In this blog I will write bits and pieces about our travels. Both short travels like hikes in the near by areas and longer travels abroad.  We love to spend time with our dogs in nature. If you don’t like seeing dogs and animals this probably isn’t a good blog for you. I will try to limit the photos of our own dogs in this blog, as our dogs have their own blog and website.

Most of our travels will be in areas were our focus are animals, nature or history. But sometimes we will visist a bigger city as well.

Just to get started off I will make a few short blogposts about our past travels together. The future travels will be better presented as they will be written more or less as they happen instead of a summary after the fact.

Fjellbris and Denali. Daughter and mother. The two dogs that accompanied me on my first date with Truls

But first a short introduction to how we came to be.

Until the autumn of 2013 I lived a life as a single woman. Passing the 12th year in a row. Then this person in a forum about pretty much everything made contact with me. I thought he was funny and soon discovered we had a lot of shared interest, and the same view of all the bigger issues in life, and most of the smaller ones too. We’ve talked every single day from the first message that was sent.
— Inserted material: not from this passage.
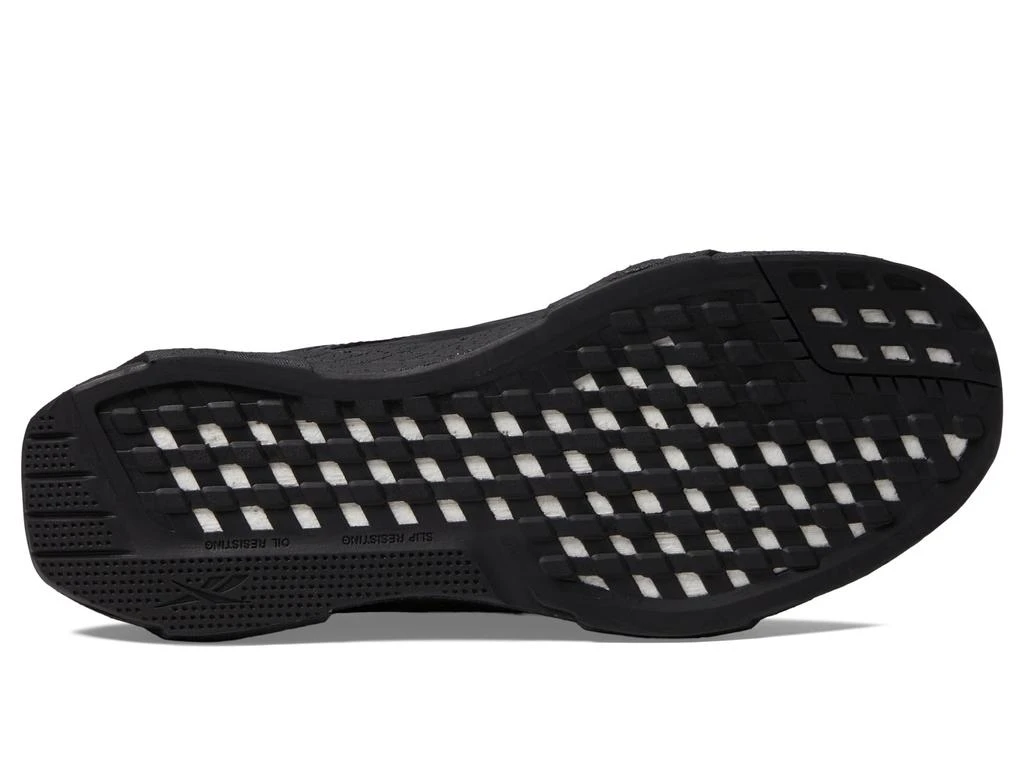 商品Reebok|Fusion Flexweave™ Work Composite Toe,价格¥982,第3张图片详细描述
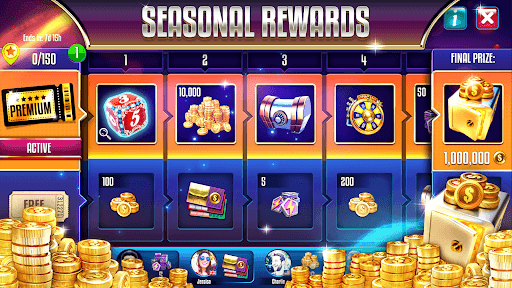 Backgammon Legends Online screenshot 8 - screenshot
Our first date was a hike near Frognerseteren  in Oslo were he lived, born and raised for generations.  I brought along two of my dogs. It was rather evident that hiking with dogs hadn’t been his main occupation, but we had fun. It was the wee beginning of us. Since then we’ve hiked many kilometres with dogs.

Within a year he asked me to marry him, and I said yes. It was a very nice spur of the moment proposal. Later I got a wonderful ring as a proof of our engagement.

My beautiful engagement ring

We’ve lived together more or less since the summer of 2014, and since the 1st of December 2014 we have shared the same address officially.

The 4th of June 2016 we will be joined in marriage. We both look forward to that day and to the rest of our lives together.